Prosecuting Dick Cheney for conspiracy to torture - practical?

The link in the OP goes to an article in Harper’s that discusses Cheney’s appearance on ABC, and seems to suggest that Cheney’s admissions in that interview provide all that’s necessary to lock him up.

Out of a strong, widely-shared suspicion that Cheney’s was the active role, and Bush’s a passive one, despite the official WH org chart.

Hilarious. Of course, it utterly fails to address the facts. Taken at its evident meaning, you would urge us to abandon the specific legal protections afforded to every other criminal defendant in the country, and carve out a special “But they’re terrorists - Yuck!” rule. :rolleyes:

Oh, they are, they are. The UN Convention on Torture. The hangup would be the US’ refusal to sign on to the International Court of Justice treaty, but that can be overcome by the universal jurisdiction clause.

You left out the part about the government body being under the orders of the defendant to provide exactly that rationalization, not to mention the part about it running against our fundamental notion of fairness NOT to prosecute him for it.

IOW, “sigh”.

Piffle. If you wish to advance the notion that Mr Cheney consulted an unbiased and wholly candid expert in complete innocence and ignorance of the advice he was going to recieve, you may, of course, do so. I believe it would be greeted with the respect and attention it deserves, that is to say, mockery, scorn and derision.

I, for one, refuse to accept the idea that the first purpose of the law is to provide mental gymnastics so that its practitioners may keep thier sophistic skills of rationaliization in tip-top shape.

I’ve no doubt you are quite correct, Mr Cheney will skate. If not the device of “estoppel”, then another mechanism will be offered in its place, a mechanism with the intelligence of a man and the morality of a hammer. Such is the law, she is as we have made her, and no better than she should be.

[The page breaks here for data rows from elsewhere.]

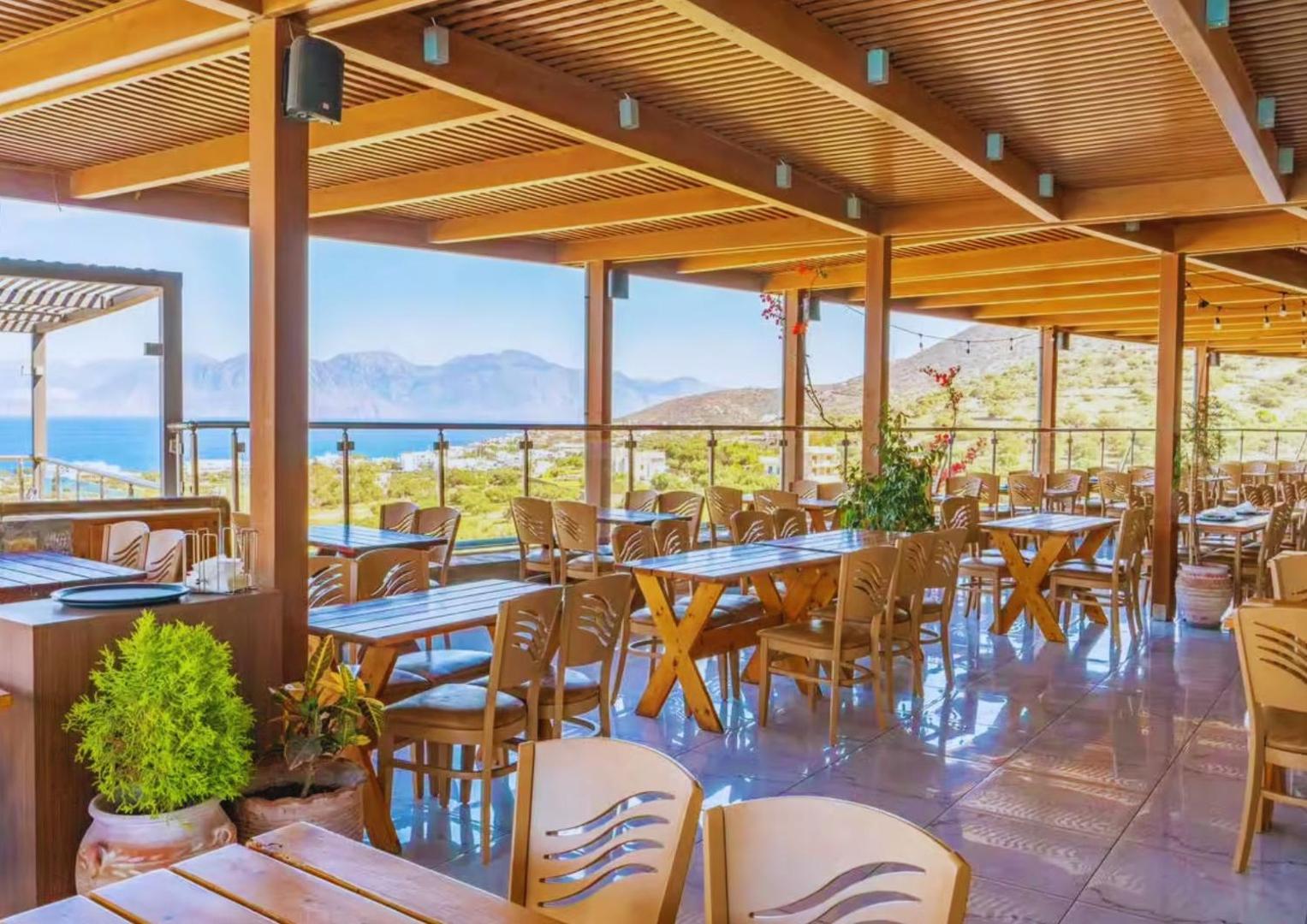 Elounda Waterpark Residence Hotel restorāna terase ar koka mēbelēm un panorāmas skatu uz Mirabello līci un kalniem Krētā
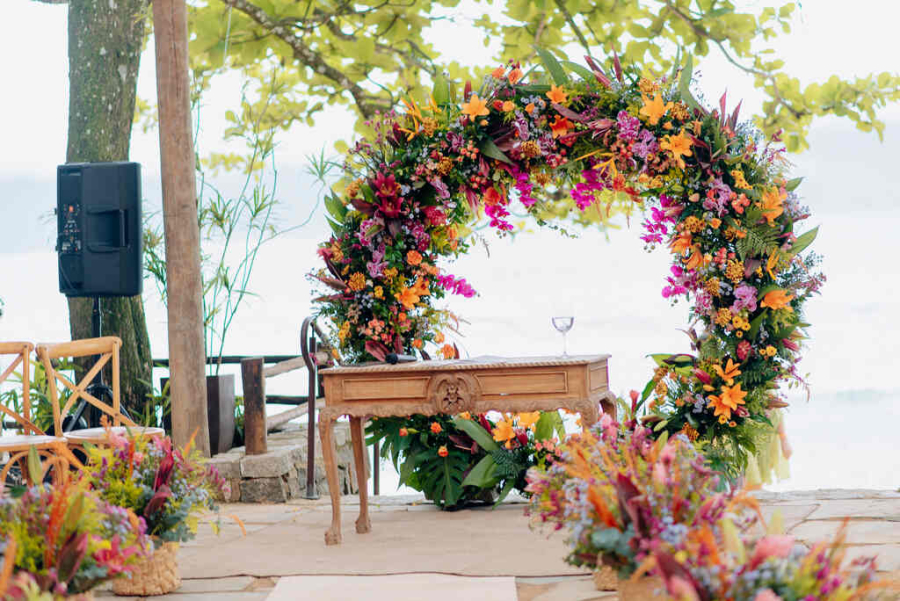 Arco floral vibrante em tons tropicais, emoldurando uma mesa rústica, com vista para o mar ao fundo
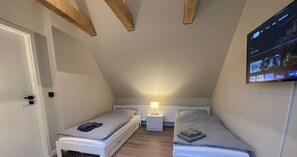 1 chambre, fer et planche à repasser, Wi-Fi gratuit, draps fournis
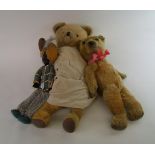 A collection of soft toys to include: growler bear, baby bear and an Arabian style doll (3)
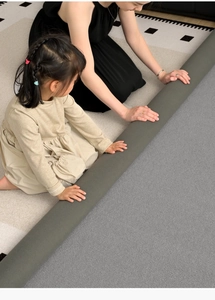 Washable gray chenille rug being spread out by a family on a wooden floor in a living room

You say it didn’t happen that way. But so far as I can tell, you’re basing that belief on nothing more than your sense of Dick Cheney. (“He’s just the sort that would do such a thing!!”)

Is there anyone, anywhere, who has said anything along the lines of, “Yes, I heard Dick order the Justice Department lawyers to change their opinion,” or “I heard him order them to come up with an opinion that said waterboarding is legal?” In other words, what evidence would you place in front of a jury so that they could find that such an event had occurred? Is there a memo? A letter? Testimony about a well-timed furious glare? Something?

I don’t think there is. I think your view is simply that Cheney must have done it that way, that any other theory is worth only " mockery, scorn and derision." And that view is based on the idea that Cheney was a piece of shit, and that’s just the kind of thing that pieces of shit do.

Right?

Blah, blah, blah. The law is to be applied equally. I think the immorality here is in your full and knowing acquiesence to the repulsive idea that just because you don’t like the man that stands accused, we should abandon the procedural protections that are available to other defendants. If this were some homeless guy arrested for urinating in an alley after a cop told him to go piss out of sight in that alley over there, you’d be apoplectic with rage at the inherent unfairness of the prosecution. And at its heart, this kind of due process defense is about precisely that: unfairness. It’s unfair for the Justice Department to prosecute someone for conduct the Justice Department assured him was legal. And it’s unfair to assert as a given that he ordered the Justice Department to render that opinion without a scrap of evidence showing it to be so.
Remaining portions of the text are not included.